If you are standing, drop your base a few inches, then rotate your right shoulder toward your left foot as hard as you can, using your shoulder as a fulcrum. Done correctly, this shoulder throw should break your opponent’s hold and leave them sprawled on the mat in front of you.
The most important thing to remember about defending against a standing rear-naked choke is not getting pulled backward off-balance because all protective leverage is lost.
Escaping from a ground-based RNC is harder and is more about preventing an opponent from getting the hold locked in.
While tucking the chin, raising the shoulders, and blocking the choking arm, try to simultaneously trap the supporting arm under your armpit or better yet, your body. Use your legs to push on the mat and try to shift the opponent’s position up or down. If you can create any space at all, rotate your body within their mount because the hold is not effective if not executed correctly from the rear.

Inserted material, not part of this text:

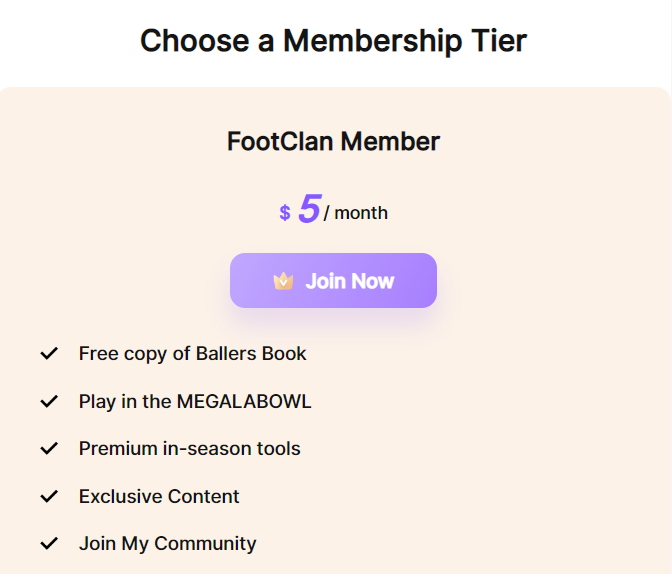 Linkr posts membership tier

Famous Fights Finished With the Rear Naked Choke
Because it is one of the most effective finishing moves in MMA, practicing the rear-naked choke is well worth your time. The more you train on properly executing an RNC, the more opportunities you will have to learn defense techniques.
Here are a few videos from some of my favorite fights that highlight just how devastating this move can be. Of course, if you want to learn the move, checking out how great fighters execute it is a good start.
2008: Anderson Silva versus Dan Henderson
2015: Keita Nakamura versus Li Jingliang
2016: Michael Chiesa versus Beneil Dariush
2017: Jan Blachowicz versus Devin Clark
2017: Charles Oliveira versus Will Brooks
The Bottom Line
If you’re serious about learning Jiu Jitsu or MMA, you need to master both the rear naked choke as well as how to defend against it. It’s a tried and trued submission used by all successful martial artists.